In-place editing for widgets would really be nicer than property sheets in a lot of cases, but it's so hard to implement that it's probably not worth it.
A while back I posted some thoughts about version control, I feel like these posts get at the same point.
People are artificially restricting the design by accepting the same "boundaries" as CVS, leaving bugzilla, email, an IDE, mailing lists, etc. all out of scope and with a fixed relationship to the version control system.

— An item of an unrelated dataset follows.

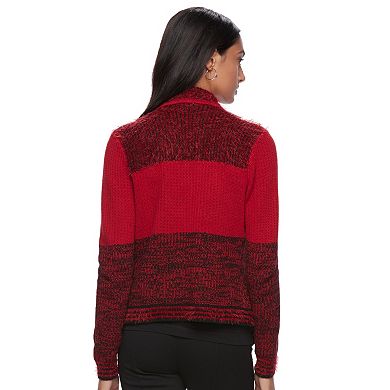 Juniors' Candie's® Print Waterfall Cardigan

Recent funny-because-its-true bad joke from Red Hat exec David Burney:
Q: How many designers does it take to replace a light bulb? A: Does it have to be a light bulb?
"Does it have to be a light bulb?" is the right question here. The design space is best taken as something like "a system for maintaining an open source project," not "a version control system."
If someone submits a patch, I should be able to just click "apply to HEAD" and it's done. It shouldn't be about getting a clean checkout, downloading patch from bugzilla to local drive, applying patch (figuring out which patch options the person used), creating the commit message, etc. Should be just one click.
Looking at all the open source version control systems out there, I don't really see why they improve my life significantly over CVS. But if one of them addressed the overall workflow like this I would absolutely be interested.